Messaging as a Mainstream Customer Support Channel in Contact Centers

The Potential of Messaging as a Mainstream Customer Support Channel

With falling margins of profit, spiraling costs and falling volumes of inbound telephone calls, contact centers are gasping for fresh air. A reason being cited is the reluctance of customers, especially the millennials, to engage with customer service agents on the telephone. However, does it mean people have stopped looking for service or assistance? The answer is clearly no. 

Customers today prefer to engage with contact centers through messaging as opposed to calling. It is high time for moribund contact centers to seriously contemplate the issue of integration of messaging into their omnichannel service delivery model, in order to revive their business and stay relevant.

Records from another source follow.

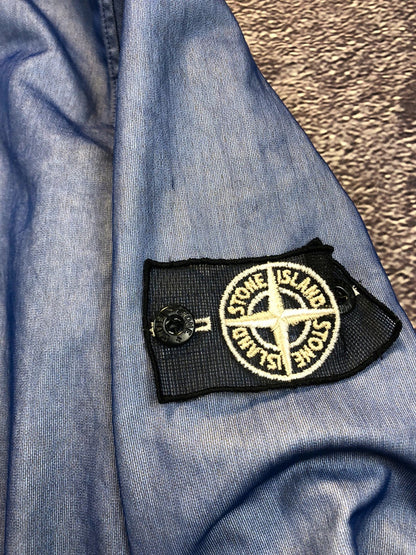 Stone Island Schneeflocke Größe L
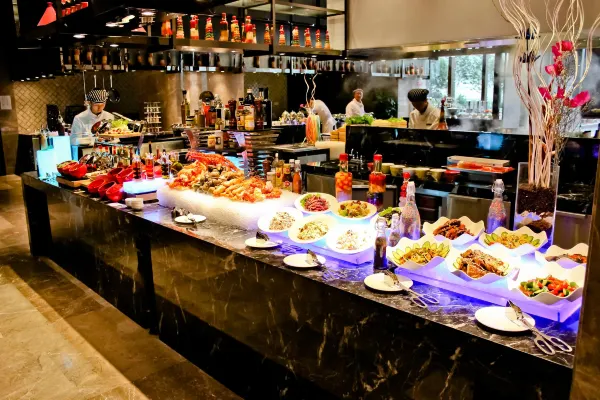 昆明富力萬達文華飯店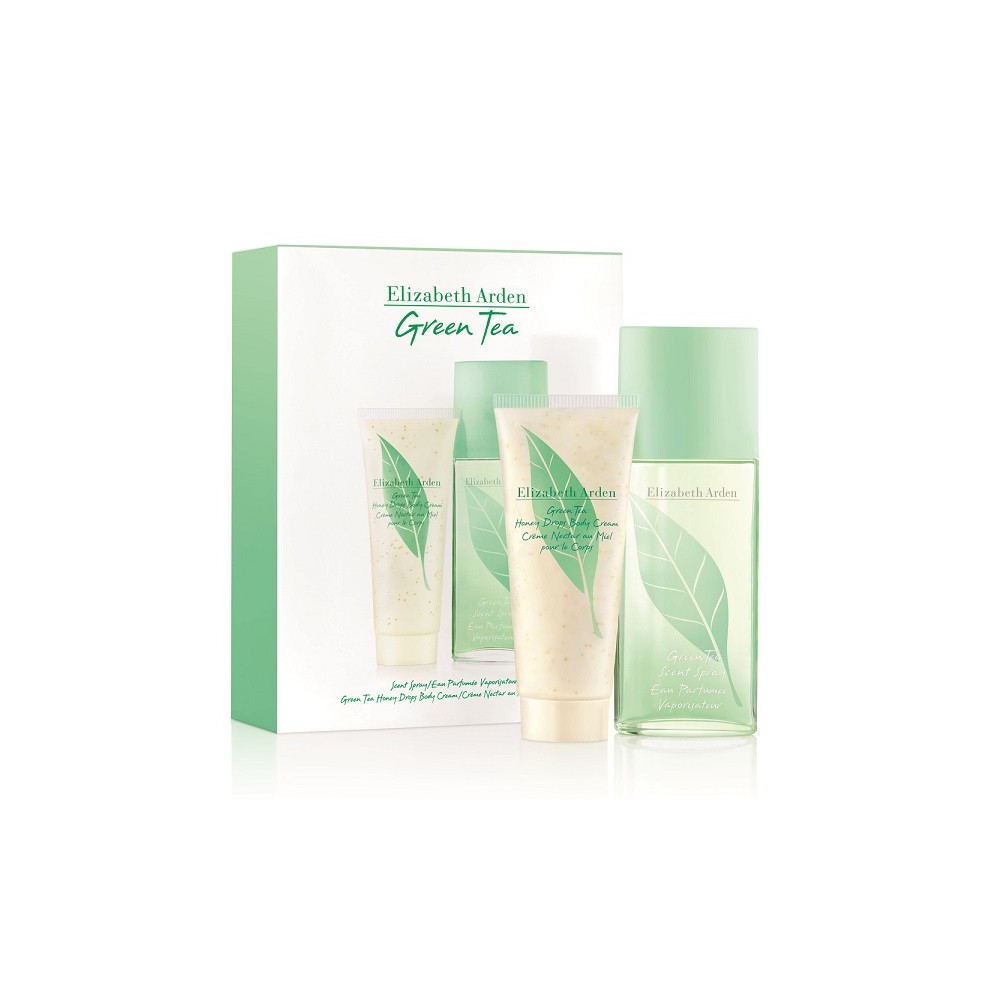 Elizabeth Arden Green Tea 100 ml Cofanetto 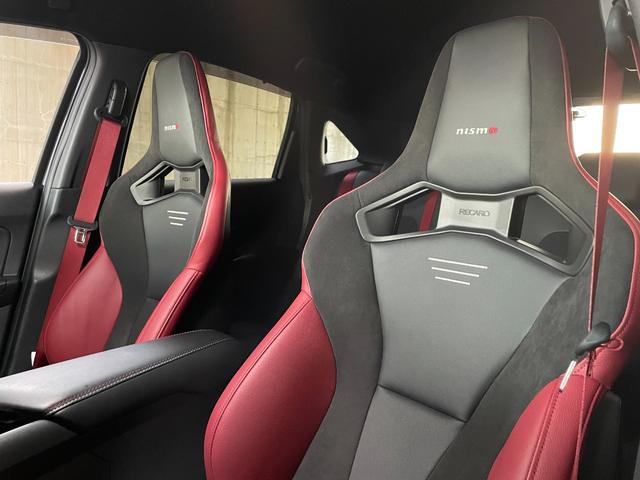 オーラ ニスモ チューンドe-パワー4WD レカロシート NISMOスポーツリセッティング プロパイロット アラウンドビューモニター ワンオーナー 4WD 禁煙車 ドラレコ純正ナビ フルセグTV 純正17インチAW  シートヒーター LED(49枚目)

A recent survey report has found that almost 38% of the respondents preferred to use various messaging apps to contact customer support than through telephone. When this report finding is juxtaposed with a Dimension Data report which suggests that a further drop of 35% in voice interactions is being anticipated, it presents a grim picture for customer service organizations. Another tantalizing statistic revealed in the same study is that almost 42% of the respondents said that they would rather clean a toilet than call customer care.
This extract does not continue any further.